- **WHAT NEEDS TO BE DONE**:
Using the records below, give again exactly the lines from the line that contains "Threaded Swivel Base" through the line that contains "IA license plate ADG924", both ends included, and only those.

- **DATA EXTRACTS**:
----

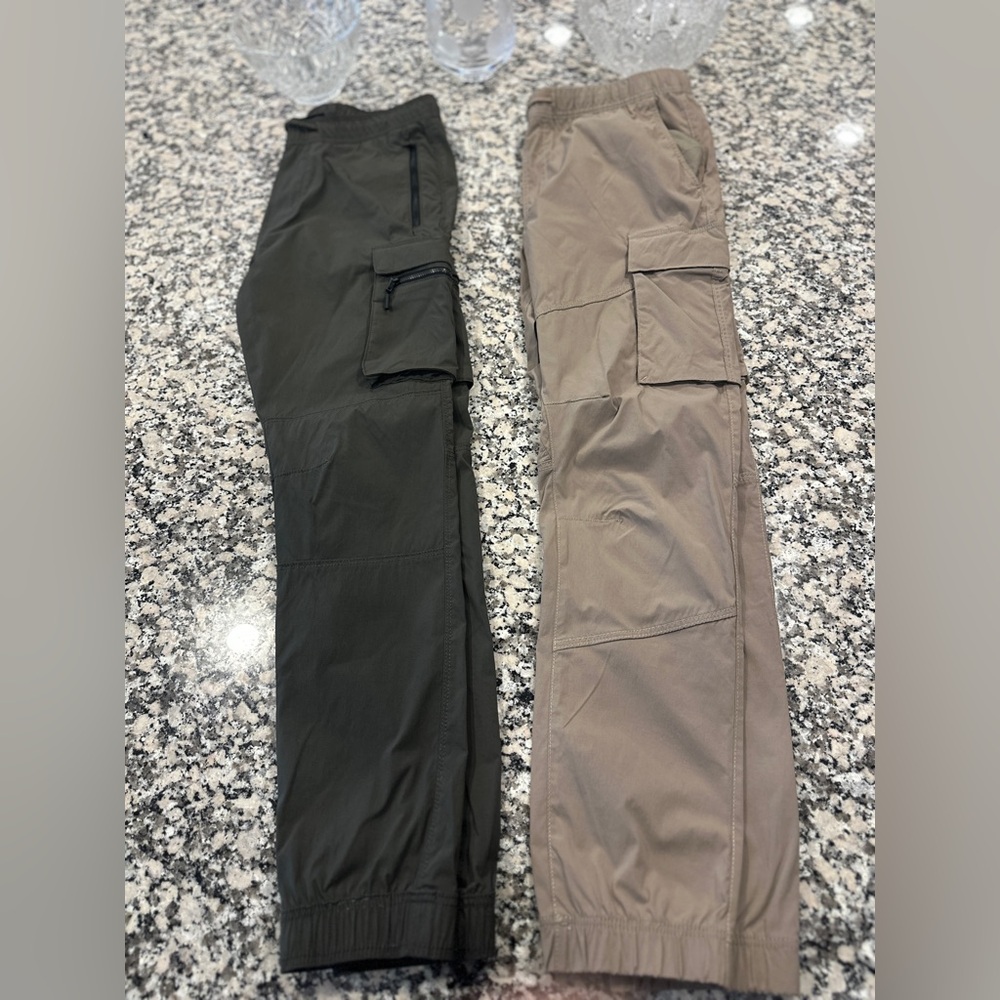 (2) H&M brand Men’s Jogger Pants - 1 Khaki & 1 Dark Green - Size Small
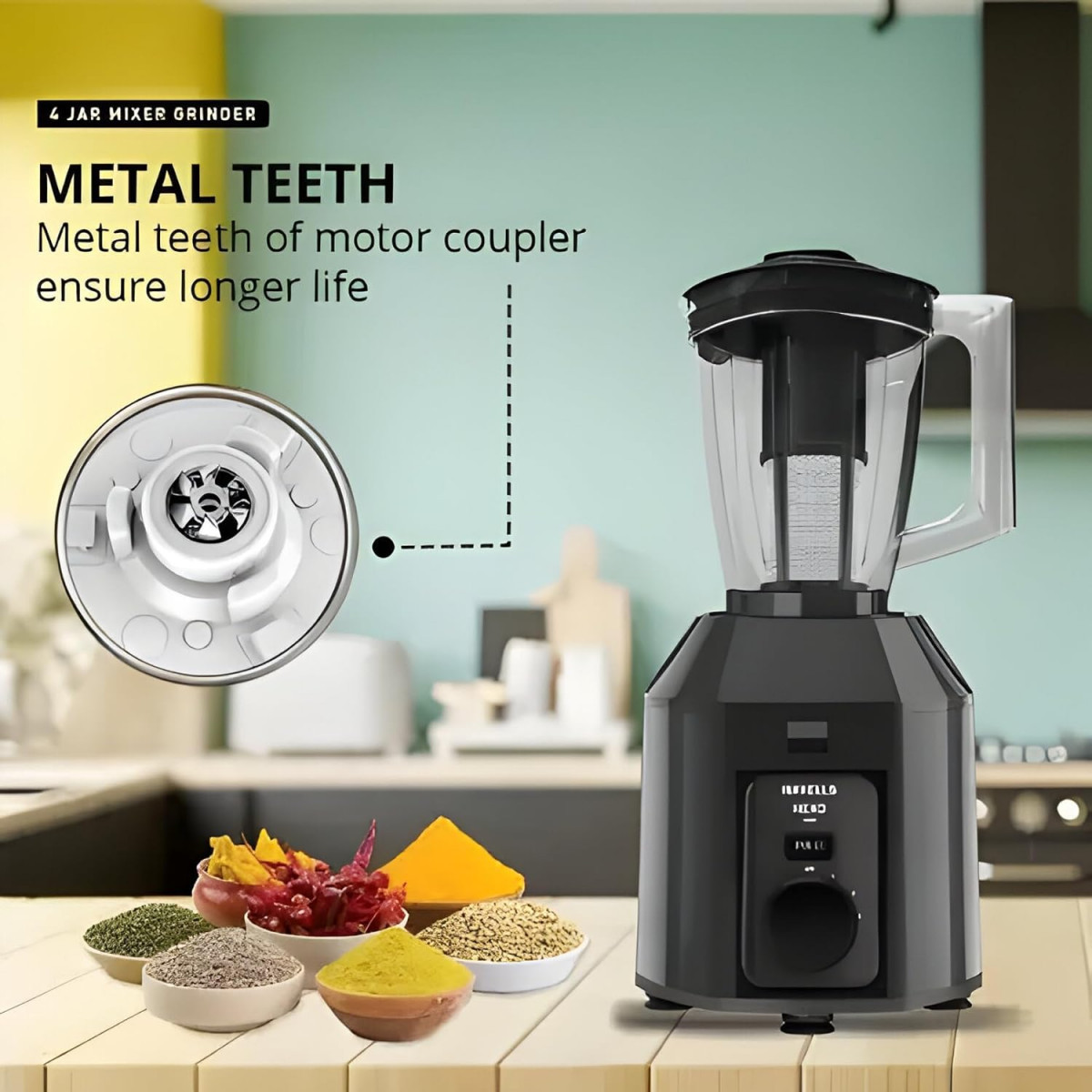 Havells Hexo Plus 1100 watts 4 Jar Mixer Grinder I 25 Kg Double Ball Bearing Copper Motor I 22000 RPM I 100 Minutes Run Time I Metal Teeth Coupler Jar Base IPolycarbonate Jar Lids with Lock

----

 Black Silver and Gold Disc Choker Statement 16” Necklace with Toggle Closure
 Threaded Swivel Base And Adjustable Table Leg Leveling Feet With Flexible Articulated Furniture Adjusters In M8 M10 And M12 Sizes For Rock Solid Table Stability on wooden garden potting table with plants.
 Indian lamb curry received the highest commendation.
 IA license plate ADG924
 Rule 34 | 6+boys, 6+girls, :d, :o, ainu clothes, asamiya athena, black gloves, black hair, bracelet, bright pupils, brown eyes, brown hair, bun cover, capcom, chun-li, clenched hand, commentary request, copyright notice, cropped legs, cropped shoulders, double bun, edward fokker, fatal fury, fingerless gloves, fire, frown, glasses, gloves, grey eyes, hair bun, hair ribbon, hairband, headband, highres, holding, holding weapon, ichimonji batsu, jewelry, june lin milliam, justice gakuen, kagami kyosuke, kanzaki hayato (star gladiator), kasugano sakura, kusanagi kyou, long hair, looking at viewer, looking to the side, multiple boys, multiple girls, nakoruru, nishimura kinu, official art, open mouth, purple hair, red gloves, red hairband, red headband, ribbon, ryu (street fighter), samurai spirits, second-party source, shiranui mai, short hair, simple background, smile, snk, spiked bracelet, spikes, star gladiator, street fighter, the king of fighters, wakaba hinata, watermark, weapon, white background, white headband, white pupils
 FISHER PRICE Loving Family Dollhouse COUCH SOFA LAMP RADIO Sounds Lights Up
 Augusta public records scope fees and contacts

----

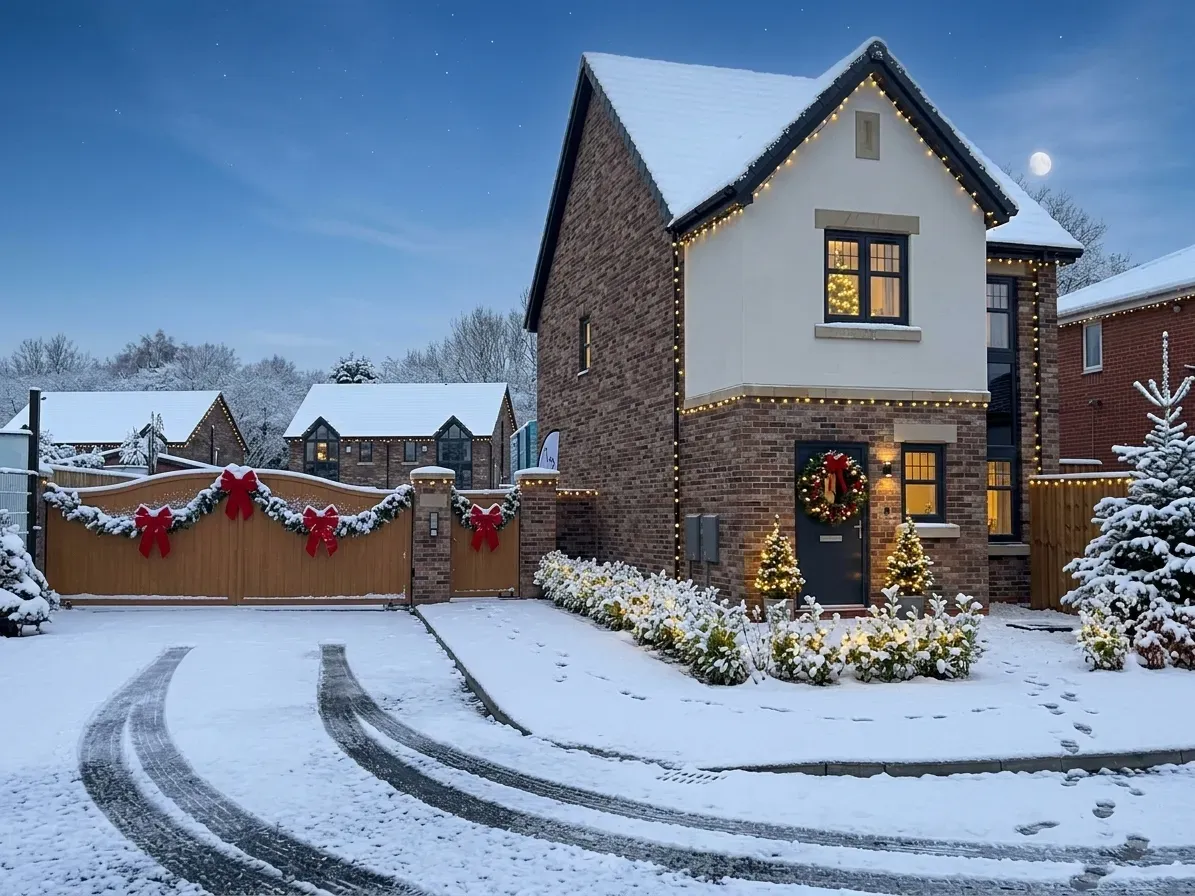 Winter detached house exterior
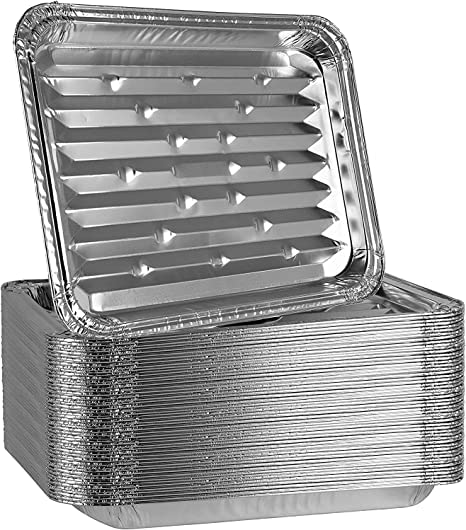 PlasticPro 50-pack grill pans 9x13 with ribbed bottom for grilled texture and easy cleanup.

----

- **COMPLETED EXERCISE**:
 Threaded Swivel Base And Adjustable Table Leg Leveling Feet With Flexible Articulated Furniture Adjusters In M8 M10 And M12 Sizes For Rock Solid Table Stability on wooden garden potting table with plants.
 Indian lamb curry received the highest commendation.
 IA license plate ADG924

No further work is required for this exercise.